That whole concept was generally a bad idea, though, and resulted in people (including myself, once or twice) thinking the interface wasn’t working properly.
The final implementation stops as soon as directed, which feels much better. It will either pad the rest of the track, so that it is up to multiples of the clock length (or a full quarter/half/etc.):
…or it will truncate if it’s within some threshold of a beat:
Something I realised as I was using it was that it was impossible to record things like anacruses (AKA upbeats), where a riff starts just before a beat. With some experimentation, I decided to replace the straight truncation with a mix-then-truncate approach:
This is how Loopy operates now, and I think it works fairly well.
A Sense of Rhythm
The other timing issue was related to synchronisation and recorder latency – that is, if you record one track, then record another one, you want both recordings to be in time with each other. This was, and still is, tricky.

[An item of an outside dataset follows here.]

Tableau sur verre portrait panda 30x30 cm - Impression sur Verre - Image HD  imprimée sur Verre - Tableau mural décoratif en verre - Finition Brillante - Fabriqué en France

One has to track the latency for both the ‘play’ path – the time taken for audio in the memory buffer to get pushed out the speaker and heard – and the ‘record’ path – the time taken for sound to be digitised and stored in a buffer.
In Loopy’s current implementation, this latency estimation is a hard-coded number worked out during testing: This number is used to offset the time associated with a recording, so that it stays in sync. And on my iPhone, it works great. However, I hear reports that the timing is off for other users, and so this is still an outstanding issue.
Does this mean that latency varies between devices – manufacturing variations? Or, is it software-based – perhaps if the device is busy doing some other things, like checking email, latency will increase?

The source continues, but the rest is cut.